And how can we express love of country? “THE European and other ambassadors’ statement appearing in media today supporting the CAB and the BBL, whose constitutionality has been challenged by various sectors of Philippine society and which is now pending in the Supreme Court and being deliberated in Congress, show a lack of respect for Philippine laws and can be considered an undue interference in the affairs of a nation to which these ambassadors have been accredited.” [Statement of the Philippine Council on Foreign Relations on foreign ambassadors’ statement of support for BBL, The Manila Times Online, 16th Oct 2015]

“Before the statement is construed as exerting of undue influence by the diplomats on branches of this government, the PCFR therefore requests the above group to cease and desist in making statements like the one they have made and make an apology to the Philippine government.” [Signed for the Trustees and the general membership by Amb. Jose V. Romero, Jr. Ph.D., President, Philippine Council for Foreign Relations, Inc. The PCFR is composed retired ambassadors, multi-sectoral organizations, retired flag officers, members of academe, businessmen, and distinguished members of civil society.]

Indeed we have all the right to be offended. Still, among ourselves, love of country doesn’t end with making such a statement. For example, “It’s impossible to visit the battlefield of Gettysburg without being deeply moved. The Union and Confederate armies together suffered more than 50,000 casualties during the three-day battle.  The course of American history was changed forever by leaders making strategic decisions under grueling circumstances.” [Reflections on Leadership from Gettysburg, Paul Merrild, Harvard Business Review, 12th Oct 2015]

“When I recently spent three days wandering these hallowed grounds as part of a leadership retreat, I realized that my industry, health care — and others going through turbulent times — have much to learn from the hard-won lessons of Gettysburg. Here are a few insights that I gleaned:

“Convey the leader’s intent. Union Army General George Meade would sit down with his war council sometimes three or four times per day during the battle. This continual ‘confirmation of understanding’ allowed Meade to better to communicate with his commanders and soldiers the tactics and strategies needed to survive the Confederate push.

“This notion of the leader’s intent is an important one for all of us. The concept is simple: everyone in the chain of command must know clearly and concisely the mission’s objectives two levels above them and be able to communicate this information two levels below them. This understanding enables anyone in the army to make decisions ‘in the moment’ that are consistent with the overall strategic objective set by the general.”
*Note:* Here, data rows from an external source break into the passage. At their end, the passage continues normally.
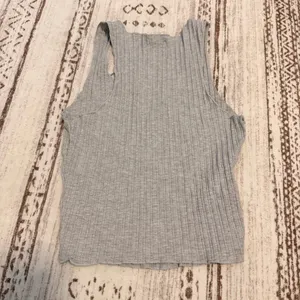 Bozzolo Grey V Cropped Tank thumbnail 2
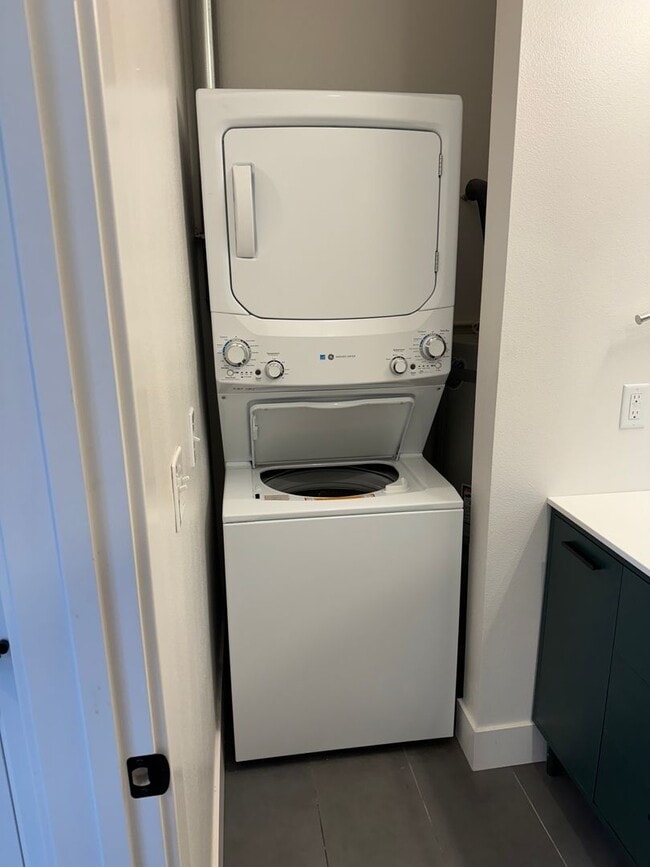 Interior Photo - 64 Park St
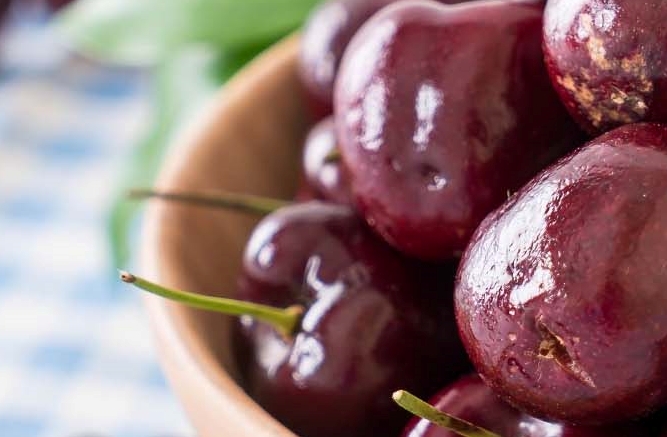 What Does Gout Mean? Toe Pain Symptoms and Foods Good for Gout image 12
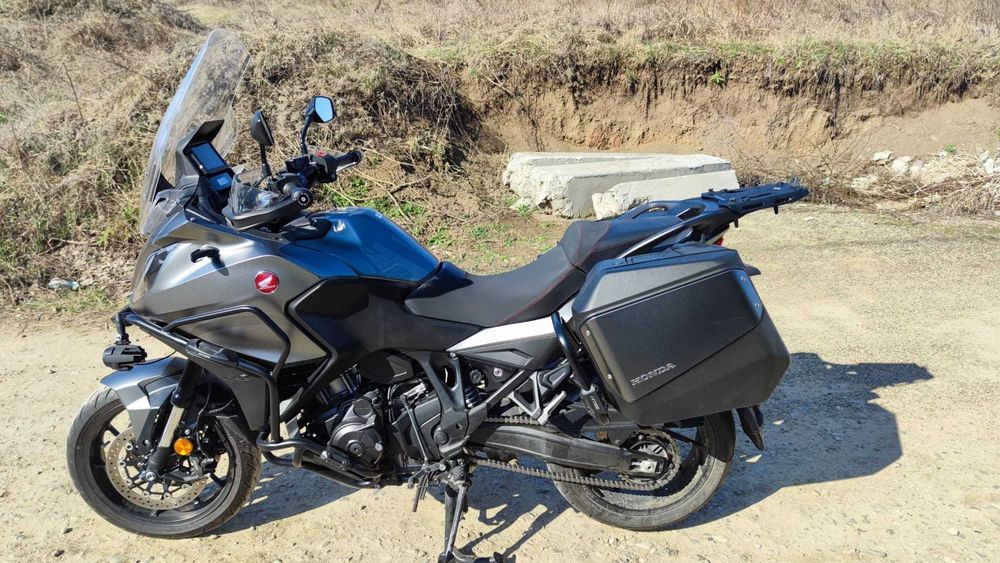 Honda NT 1100, echipata full-touring, optionale de calitate, ca noua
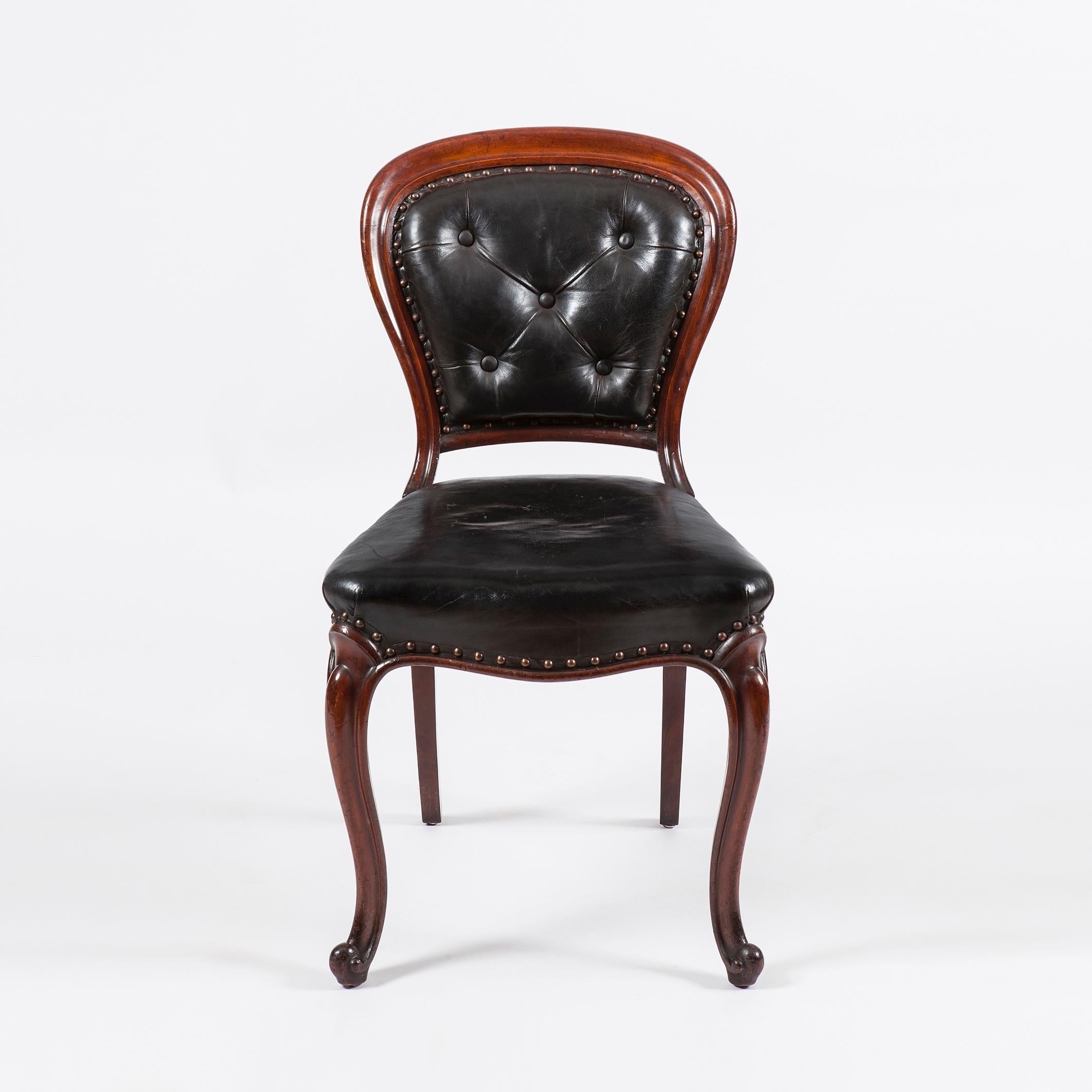 Rare Set of 22 Nineteenth Century Antique Dining Chairs with Leather Upholstery In Good Condition For Sale In London, GB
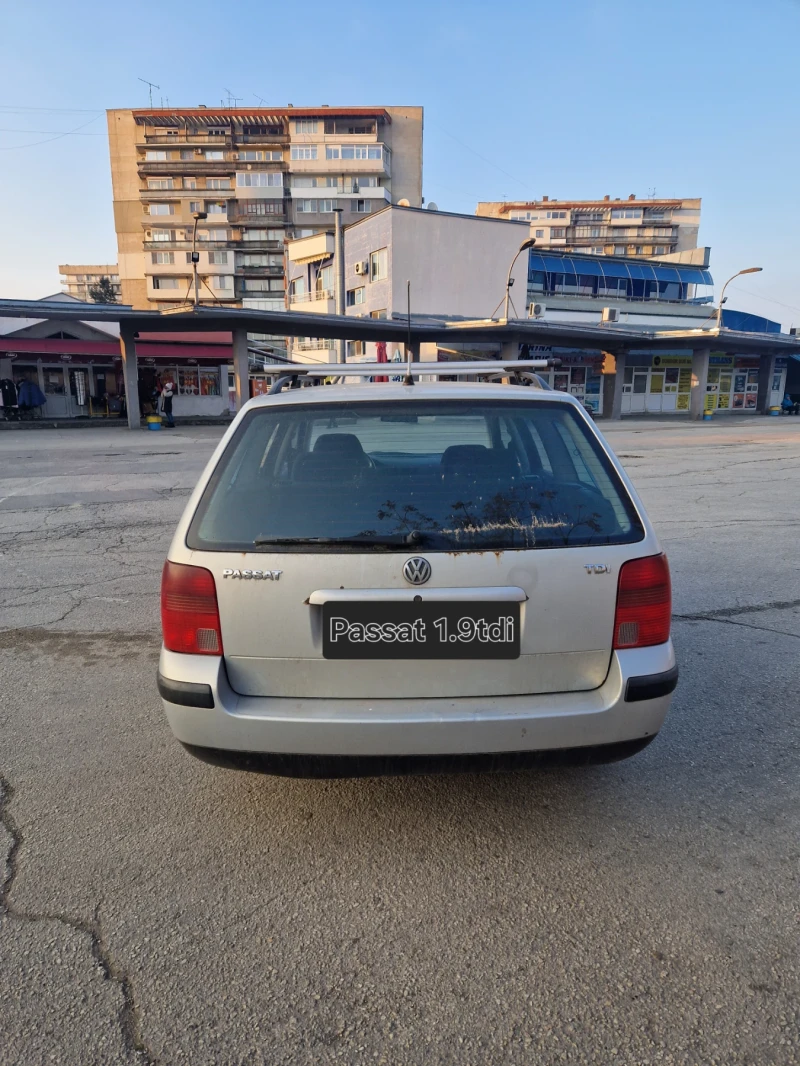 VW Passat, снимка 7 - Автомобили и джипове - 49088066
This blog has constantly raised the challenge of visionary and strategic leadership that we Filipinos have yet to muster. And we are nowhere near that ideal if we go by how we are gearing up for the next presidential election. And beyond leadership is the imperative for Juan de la Cruz to see beyond self and family and embrace his bigger community, that is, the Philippines.

For instance, assume we want and will have the status quo in Mindanao – notwithstanding 17 years of efforts – how about Philippine progress and development? We can’t just talk up the imperative to fight poverty and demand an inclusive economy when country remains a legal fiction as Mr. Adaza eloquently opined: “There are so many pretenders in this country who declare in discordant voices that they love this country, yet they enthrone dysfunctional and despicable systems which make the country an unjust and oppressive place to live in.”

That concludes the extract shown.